== DATA ==

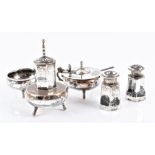 An early 20th century five-piece miniature niello white metal cruet set  each with landscape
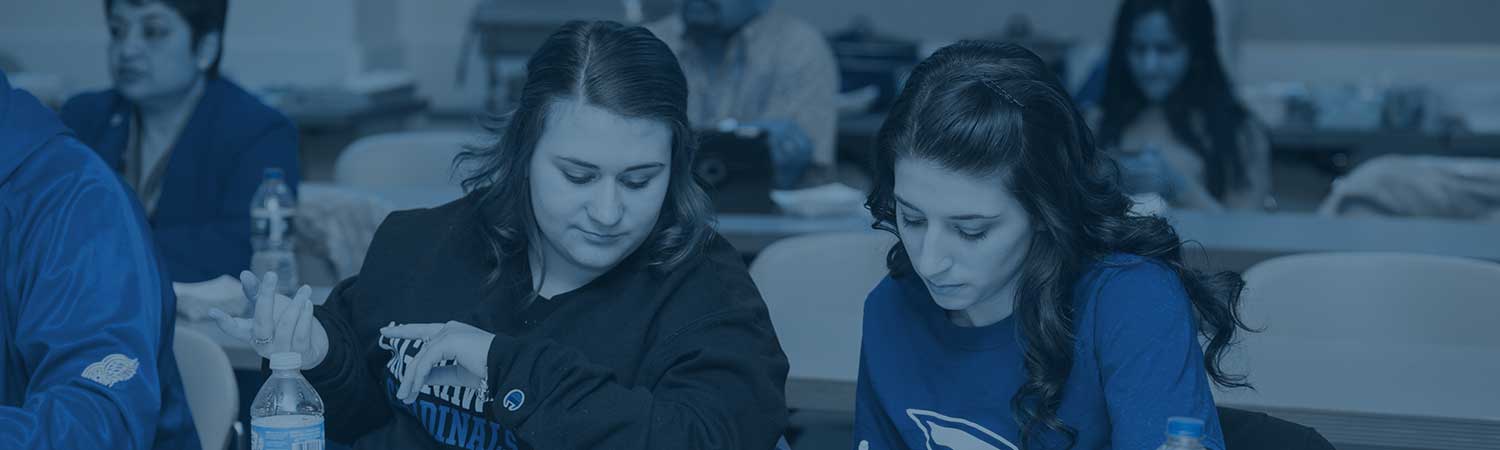 Marketing students work together in class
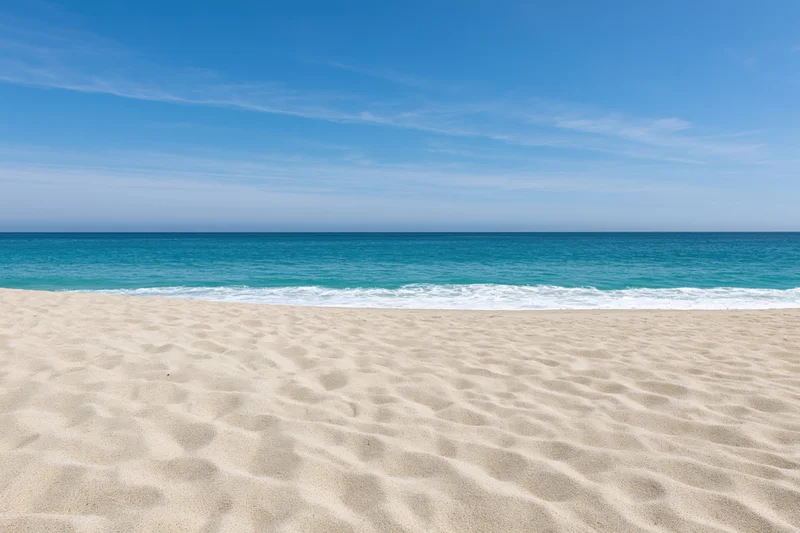 Sandy beach with gentle waves meeting turquoise ocean under clear blue sky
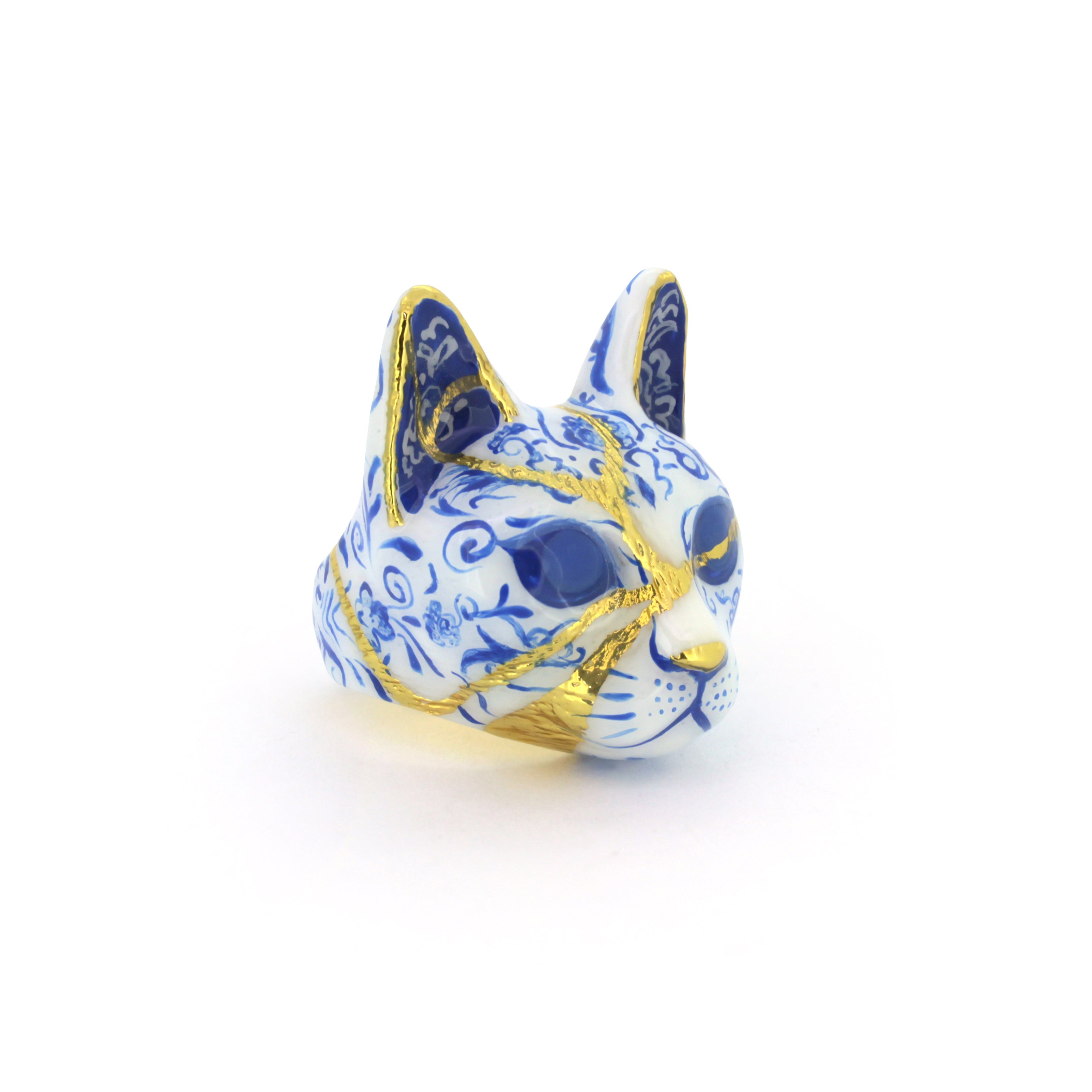 Artisan cat's face ring featuring detailed porcelain patterns, painted in blue and white pattern with gold accents, perfect for art collectors.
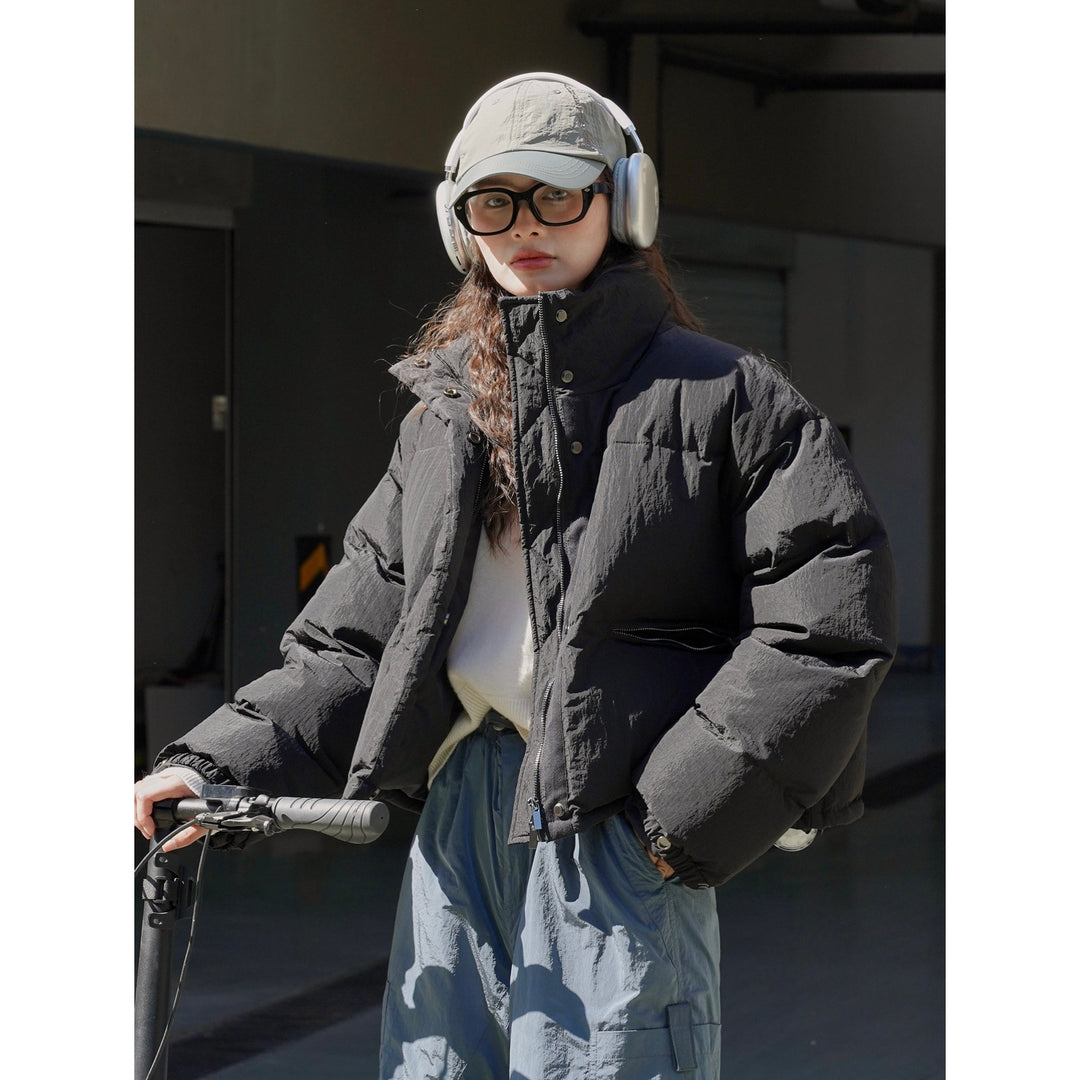 Women's short-cut padded down jacket with high collar and matte nylon surface Amarae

===

• [EXERCISE INSTRUCTIONS] In your copy, exclude the pictures and repeat each entry above exactly.

• [FINISHED TASK]
 An early 20th century five-piece miniature niello white metal cruet set  each with landscape
 Marketing students work together in class
 Sandy beach with gentle waves meeting turquoise ocean under clear blue sky
 Artisan cat's face ring featuring detailed porcelain patterns, painted in blue and white pattern with gold accents, perfect for art collectors.
 Women's short-cut padded down jacket with high collar and matte nylon surface Amarae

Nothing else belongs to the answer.